(Saved data entries)
◆ ◆ ◆

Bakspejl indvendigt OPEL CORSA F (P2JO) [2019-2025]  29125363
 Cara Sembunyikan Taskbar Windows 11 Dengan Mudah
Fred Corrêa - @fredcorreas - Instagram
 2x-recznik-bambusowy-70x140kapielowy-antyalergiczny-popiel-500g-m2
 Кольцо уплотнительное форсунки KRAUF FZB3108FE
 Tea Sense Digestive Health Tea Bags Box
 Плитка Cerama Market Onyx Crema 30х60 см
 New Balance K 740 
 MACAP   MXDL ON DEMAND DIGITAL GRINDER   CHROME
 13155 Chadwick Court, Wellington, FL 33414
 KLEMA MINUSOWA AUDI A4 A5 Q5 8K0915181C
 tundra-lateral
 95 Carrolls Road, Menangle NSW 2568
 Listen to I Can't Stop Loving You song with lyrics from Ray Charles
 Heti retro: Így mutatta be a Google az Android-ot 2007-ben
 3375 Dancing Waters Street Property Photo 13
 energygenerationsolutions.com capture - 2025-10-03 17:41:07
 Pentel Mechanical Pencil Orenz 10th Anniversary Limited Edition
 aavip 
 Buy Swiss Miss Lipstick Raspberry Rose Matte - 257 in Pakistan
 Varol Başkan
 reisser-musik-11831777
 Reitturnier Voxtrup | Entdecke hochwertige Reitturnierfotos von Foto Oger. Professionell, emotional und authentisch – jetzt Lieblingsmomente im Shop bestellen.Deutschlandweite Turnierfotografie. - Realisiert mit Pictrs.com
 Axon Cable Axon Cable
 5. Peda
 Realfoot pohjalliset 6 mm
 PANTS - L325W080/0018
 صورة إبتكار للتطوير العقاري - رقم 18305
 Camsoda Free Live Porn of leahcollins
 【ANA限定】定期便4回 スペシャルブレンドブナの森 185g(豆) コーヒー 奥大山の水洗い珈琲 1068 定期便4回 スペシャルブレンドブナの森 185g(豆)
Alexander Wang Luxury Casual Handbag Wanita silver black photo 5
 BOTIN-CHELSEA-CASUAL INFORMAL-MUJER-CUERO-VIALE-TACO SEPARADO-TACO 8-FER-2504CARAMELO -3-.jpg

◆ ◆ ◆

#### Work to complete
Every record should be given again without alteration.

#### Exercise result
Bakspejl indvendigt OPEL CORSA F (P2JO) [2019-2025]  29125363
 Cara Sembunyikan Taskbar Windows 11 Dengan Mudah
Fred Corrêa - @fredcorreas - Instagram
 2x-recznik-bambusowy-70x140kapielowy-antyalergiczny-popiel-500g-m2
 Кольцо уплотнительное форсунки KRAUF FZB3108FE
 Tea Sense Digestive Health Tea Bags Box
 Плитка Cerama Market Onyx Crema 30х60 см
 New Balance K 740 
 MACAP   MXDL ON DEMAND DIGITAL GRINDER   CHROME
 13155 Chadwick Court, Wellington, FL 33414
 KLEMA MINUSOWA AUDI A4 A5 Q5 8K0915181C
 tundra-lateral
 95 Carrolls Road, Menangle NSW 2568
 Listen to I Can't Stop Loving You song with lyrics from Ray Charles
 Heti retro: Így mutatta be a Google az Android-ot 2007-ben
 3375 Dancing Waters Street Property Photo 13
 energygenerationsolutions.com capture - 2025-10-03 17:41:07
 Pentel Mechanical Pencil Orenz 10th Anniversary Limited Edition
 aavip 
 Buy Swiss Miss Lipstick Raspberry Rose Matte - 257 in Pakistan
 Varol Başkan
 reisser-musik-11831777
 Reitturnier Voxtrup | Entdecke hochwertige Reitturnierfotos von Foto Oger. Professionell, emotional und authentisch – jetzt Lieblingsmomente im Shop bestellen.Deutschlandweite Turnierfotografie. - Realisiert mit Pictrs.com
 Axon Cable Axon Cable
 5. Peda
 Realfoot pohjalliset 6 mm
 PANTS - L325W080/0018
 صورة إبتكار للتطوير العقاري - رقم 18305
 Camsoda Free Live Porn of leahcollins
 【ANA限定】定期便4回 スペシャルブレンドブナの森 185g(豆) コーヒー 奥大山の水洗い珈琲 1068 定期便4回 スペシャルブレンドブナの森 185g(豆)
Alexander Wang Luxury Casual Handbag Wanita silver black photo 5
 BOTIN-CHELSEA-CASUAL INFORMAL-MUJER-CUERO-VIALE-TACO SEPARADO-TACO 8-FER-2504CARAMELO -3-.jpg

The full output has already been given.